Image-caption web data
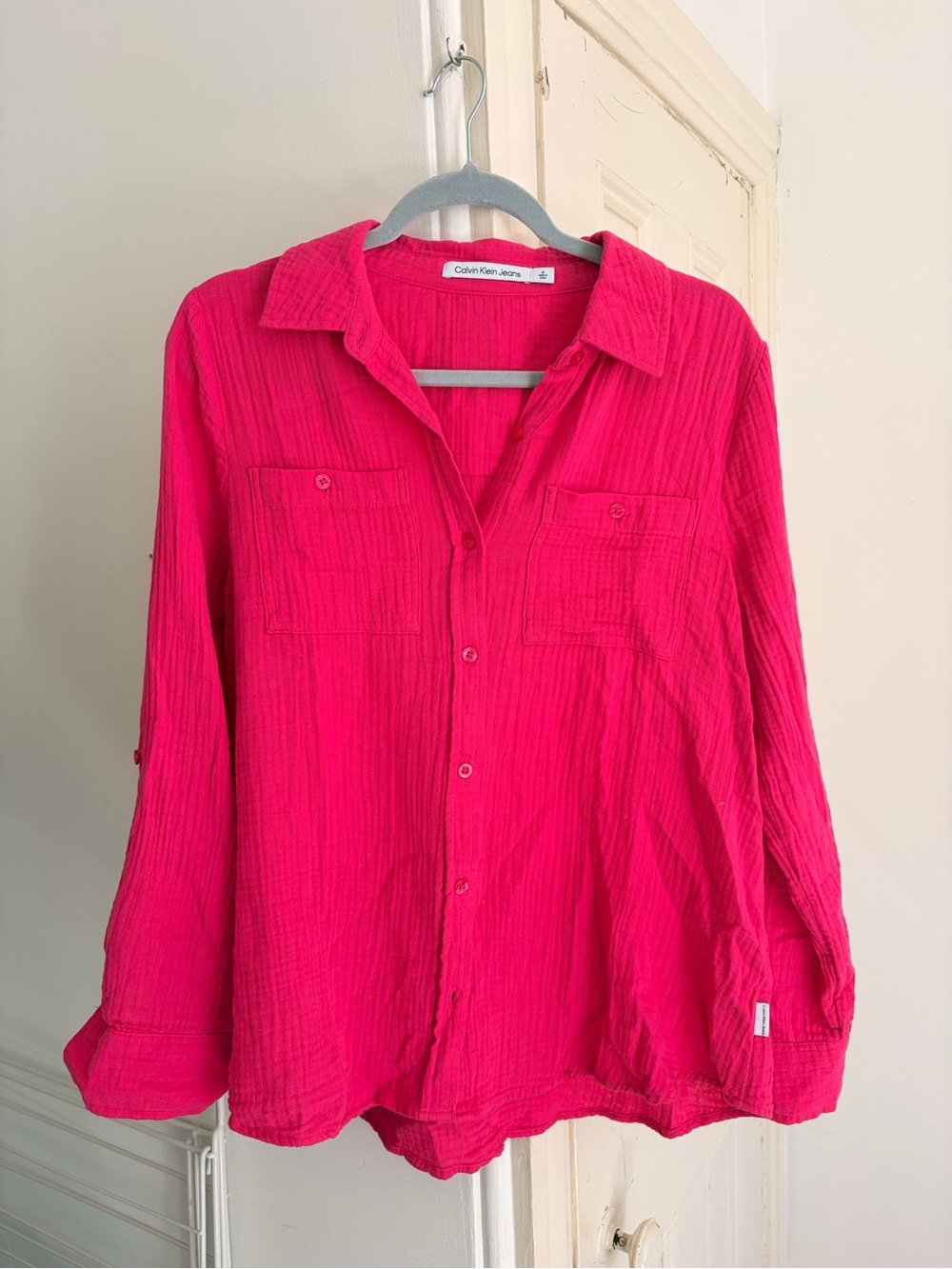 Calvin Klein Women's Pink Button-Up Shirt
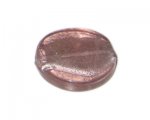 34mm Soft Plum Foil Flat Round Handmade Lampwork Glass Bead 34mm Soft Plum Foil Flat Round Handmade Lampwork Glass Bead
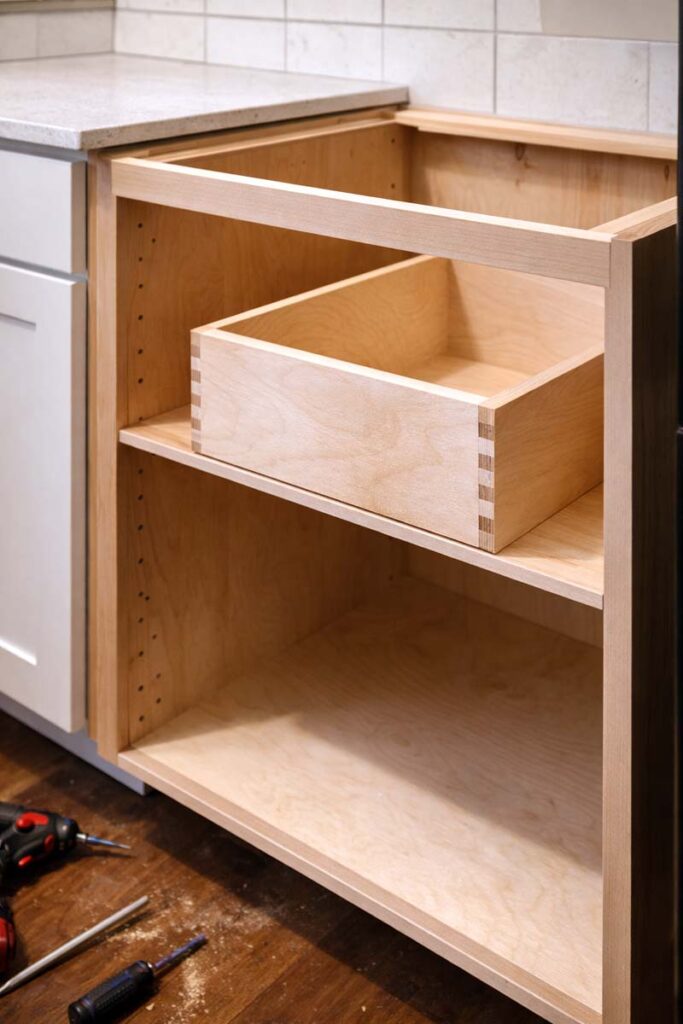 cabinet box and drawer built from birch plywood in a shop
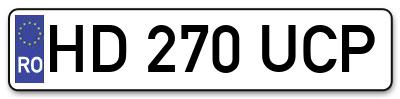 Placuta inmatriculare numar auto  HD-270-UCP, HD 270 UCP, HD270UCP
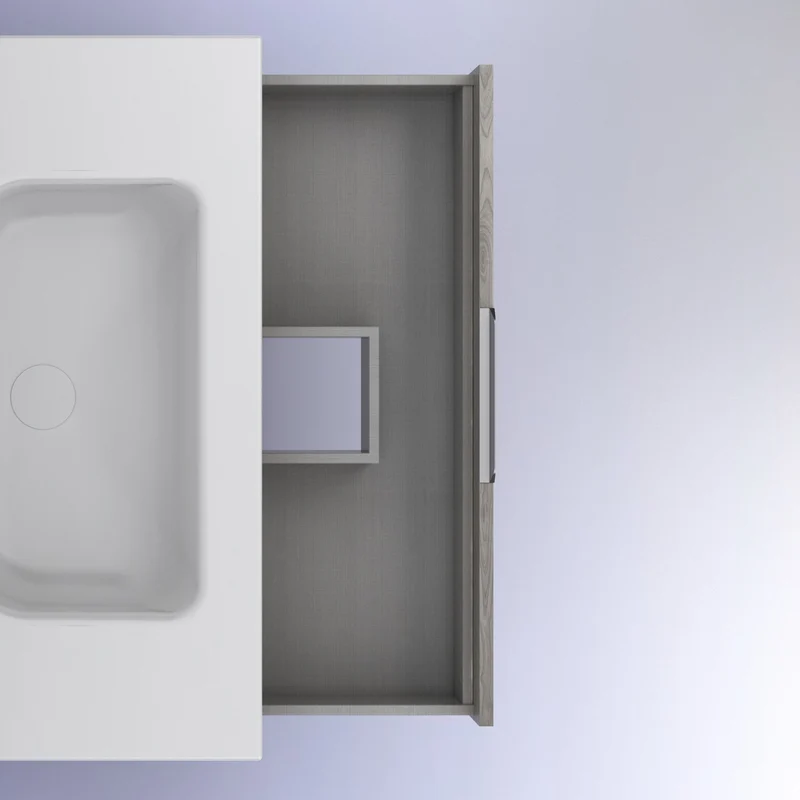 Mueble lavabo SUKI con patas. Opción Blanco, Gris, Antracita, Fumé, Nogal . 3 y 6 cajones. Lavabo simple y doble.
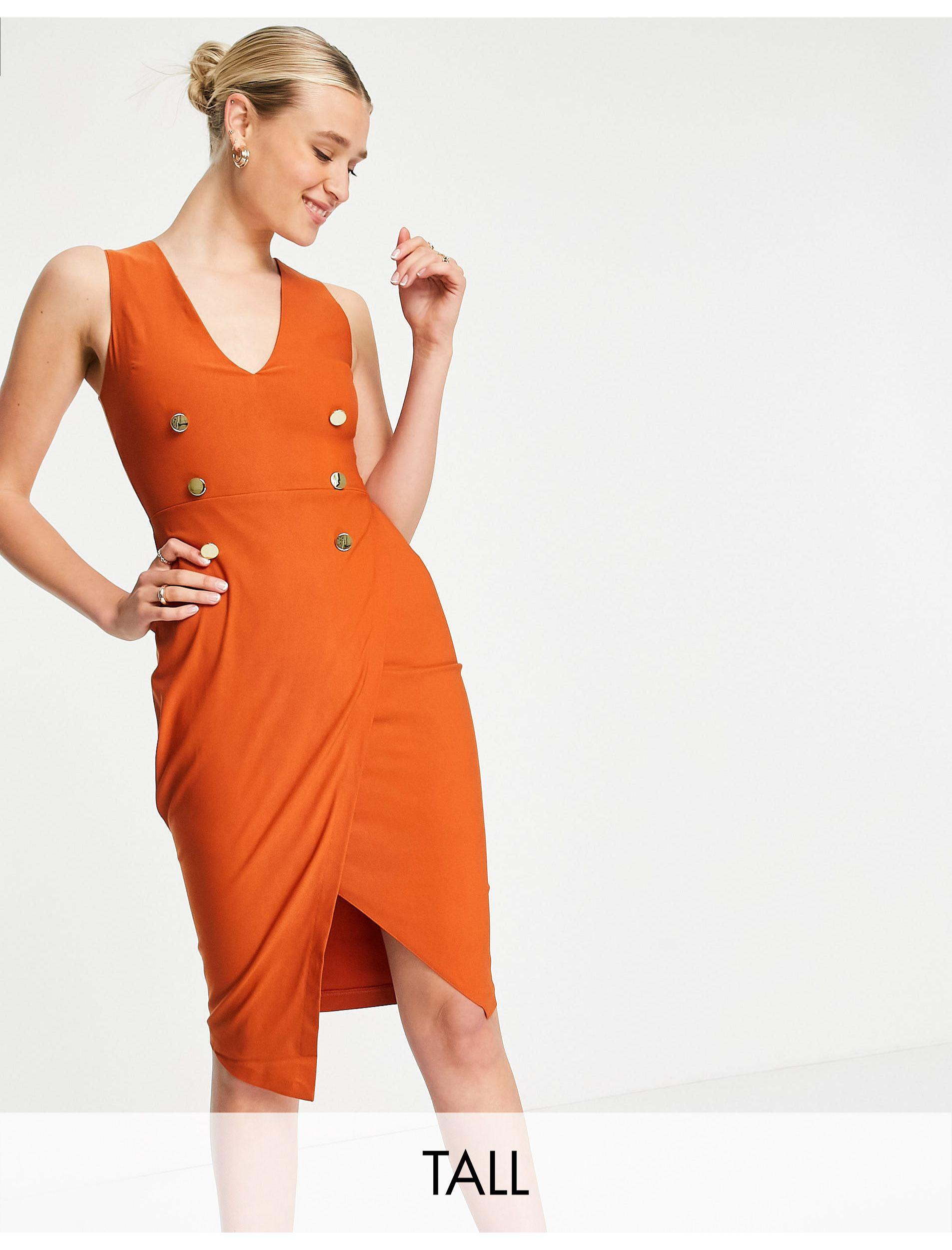 Vestito midi stile smoking color ruggine di Vesper in Arancione | Lyst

**WHAT THIS TASK INVOLVES**. Copy out every entry above verbatim. Leave each picture out.

**OUTPUT**.
 Calvin Klein Women's Pink Button-Up Shirt
 34mm Soft Plum Foil Flat Round Handmade Lampwork Glass Bead 34mm Soft Plum Foil Flat Round Handmade Lampwork Glass Bead
 cabinet box and drawer built from birch plywood in a shop
 Placuta inmatriculare numar auto  HD-270-UCP, HD 270 UCP, HD270UCP
 Mueble lavabo SUKI con patas. Opción Blanco, Gris, Antracita, Fumé, Nogal . 3 y 6 cajones. Lavabo simple y doble.
 Vestito midi stile smoking color ruggine di Vesper in Arancione | Lyst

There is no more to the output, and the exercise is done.